Methodology references (required if estimator / math changes)

  • Method name(s): SpilloverDiD stage-2 variance — Gardner GMM first-stage correction (Wave D synthesis)
  • Paper / source link(s):
    • Butts, K. (2023). Difference-in-Differences with Spatial Spillovers. arXiv:2105.03737v3 (§3.1)
    • Gardner, J. (2022). Two-stage differences in differences. arXiv:2207.05943 (§4)
    • Conley, T. G. (1999). GMM Estimation with Cross-Sectional Dependence. JoE 92(1), 1-45
  • Any intentional deviations from the source (and why):
    • vcov_type="classical" raises NotImplementedError upfront — the Wave D synthesis has not been derived for the homoskedastic meat structure (sigma_hat^2 * (X_10' X_10)) and the heteroskedasticity-robust IF outer-product form is the canonical Gardner formulation. Users get a clear remediation pointer to "hc1" / "conley" / cluster=<col>. Documented in REGISTRY.md SpilloverDiD restrictions block and in the fit() docstring.
    • No finite-sample multiplier on the Conley path — preserves conleyreg / Wave B convention. HC1 uses n/(n-p) and CR1 uses G/(G-1) * (n-1)/(n-p).

Validation

  • Tests added/updated: tests/test_spillover.py — new test classes TestSpilloverDiDWaveDGmmCorrectedHc1Hand (hand-derived Psi on a 4-unit × 3-period over-identified panel; atol=1e-12), TestSpilloverDiDWaveDGmmCorrectedEventStudy (vcov shape on event-study path), TestSpilloverDiDWaveDGmmCorrectedNanInferenceContract (rank-deficient column propagation), TestSpilloverDiDWaveDGmmCorrectedValidatorWiring (Conley validator fires from the new helper), TestSpilloverDiDWaveDGmmCorrectedFitIdempotence (clone + repeat-fit bit-identity), TestSpilloverDiDWaveDPublicVarianceContract (end-to-end public cluster=<col> CR1 routing, single-cluster rejection, classical NotImplementedError). Wave B/C SE goldens re-pinned at TestSpilloverDiDEventStudyBackwardCompat (_WAVE_B_GOLDEN_*_WAVE_D_GOLDEN_*; pre-Wave-D references retained as _WAVE_B_UNCORRECTED_* for the directional inflation invariant test_wave_d_se_inflates_relative_to_wave_b_uncorrected).
  • Backtest / simulation / notebook evidence (if applicable): N/A — no tutorial changes. Hand-derivation worksheet at /tmp/wave_d_phase1_handderivation.py (developer-side, not committed) pins the closed-form Psi values that the test fixtures assert against.

Security / privacy

  • Confirm no secrets/PII in this PR: Yes

🤖 Generated with Claude Code

Closes the documented Wave B/C "SEs biased downward by a few percent"
caveat across all three vcov_type paths (HC1, Conley, cluster=<col> for
CR1) for both event_study=False AND event_study=True. Point estimates
byte-identical to Wave B/C; SE values shift upward by 1-few percent.

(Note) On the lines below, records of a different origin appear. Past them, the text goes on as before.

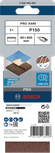 Шлифовальная лента Bosch PRO X440 60 x 400 мм P150, 3 шт.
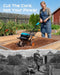 SEESII 40V Cordless Tiller for Gardening 12" Electric Garden Tiller Cultivator with 2×5.0Ah Batteries & Charger 8" Depth Adjustable Handle & Wheel Heavy Duty Rototiller for Lawn & Soil Cultivation - Cordless Tiller-SeeSii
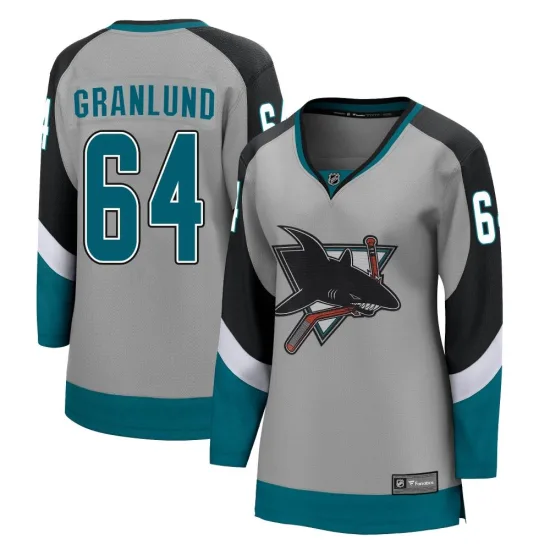 Fanatics Branded Mikael Granlund San Jose Sharks Women's Breakaway 2020/21 Special Edition Jersey - Gray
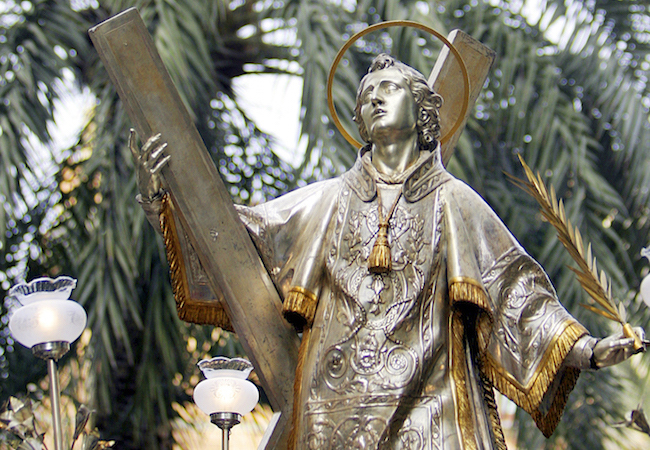 Beeld van San Vicente Mártir, de belangrijkste martelaar van Spanje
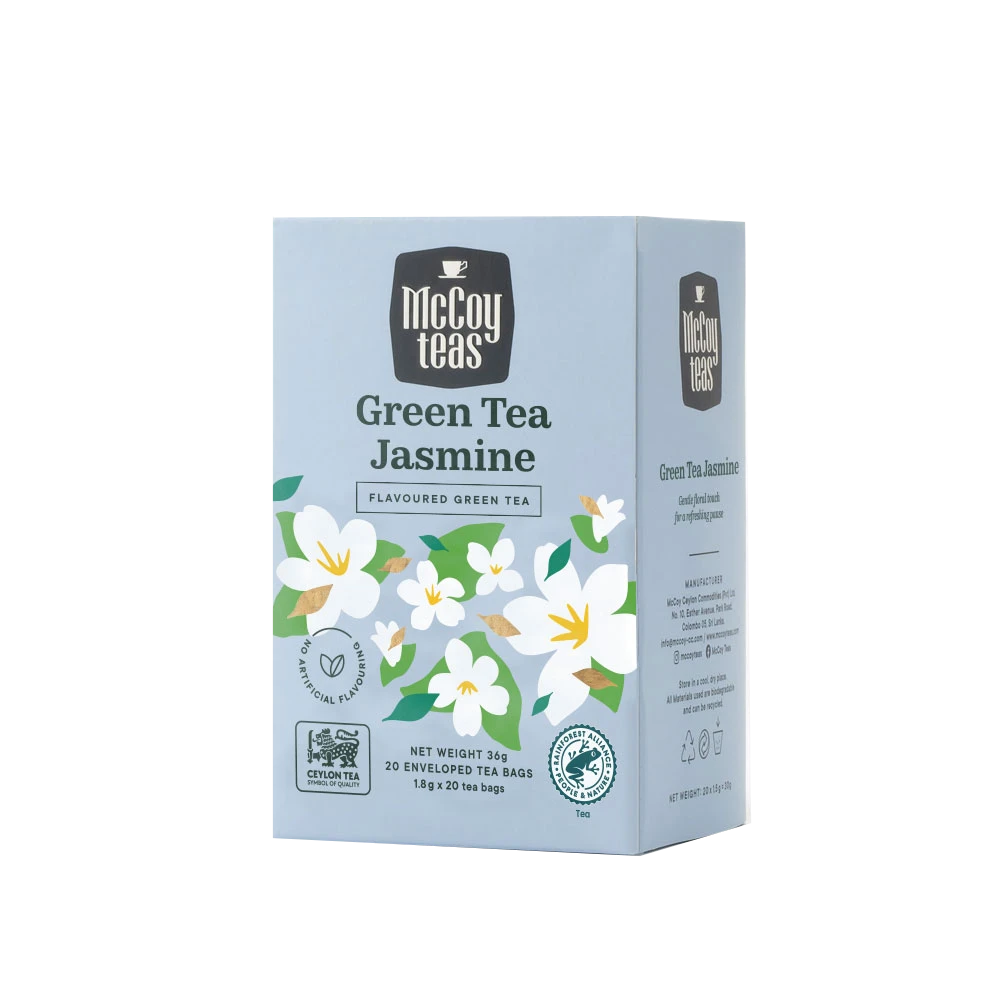Ceai McCoy Green Tea Jasmine, 20 pachețele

Documented synthesis of Butts (2021) Section 3.1 (IF construction for
spillover-aware DiD) + Gardner (2022) Section 4 (two-stage GMM sandwich)
+ Conley (1999) (spatial kernel). No reference software combines all
three -- did2s implements GMM without Conley; conleyreg/acreg implement
Conley without two-stage correction. Wave D is the synthesis.

Unified IF outer-product formula:
  psi_i  = gamma_hat' * X_{10,i} * eps_{10,i} - X_{2,i} * eps_{2,i}
  meat   = Psi' @ K @ Psi
  vcov   = (X_2' X_2)^{-1} @ meat @ (X_2' X_2)^{-1}
Kernel K is path-dependent: identity (HC1), block-indicator (cluster),
spatial kernel (Conley). Finite-sample multipliers: n/(n-p) for HC1,
G/(G-1) * (n-1)/(n-p) for cluster CR1, none for Conley.

Public surface:
- No new kwarg -- correction is unconditional.
- Wave D variance mode dispatch derives from the public contract:
    vcov_type="conley"  -> "conley"
    cluster=<col>        -> "cluster" (CR1)
    otherwise            -> "hc1"
- vcov_type="classical" now raises NotImplementedError upfront; the
  Wave D synthesis has not been derived for the homoskedastic meat
  structure (sigma_hat^2 * (X_10' X_10)). REGISTRY restrictions block
  updated to list "classical" alongside "hc2"/"hc2_bm".
- Single-cluster sample raises ValueError ("at least 2 clusters") per
  the standard CR1 rejection (mirrors linalg.py:1942).

Implementation:
- New module-level helper _compute_gmm_corrected_meat in two_stage.py
  (existing _compute_gmm_variance method untouched).
- New module-level helper _build_butts_fe_design_csr in spillover.py.
- _compute_conley_meat factored out of _compute_conley_vcov in conley.py
  so the same kernel-application code path handles both standard
  sandwich (X * residuals) and Wave D IF outer product (Psi).
- SpilloverDiD.fit() bypasses solve_ols's vcov computation, builds the
  fit-sample FE designs + eps_10/eps_2, calls the GMM helper, and
  wraps with the bread sandwich. Rank-deficient column drops handled
  via kept_col_mask + vcov re-inflation with NaN at dropped positions.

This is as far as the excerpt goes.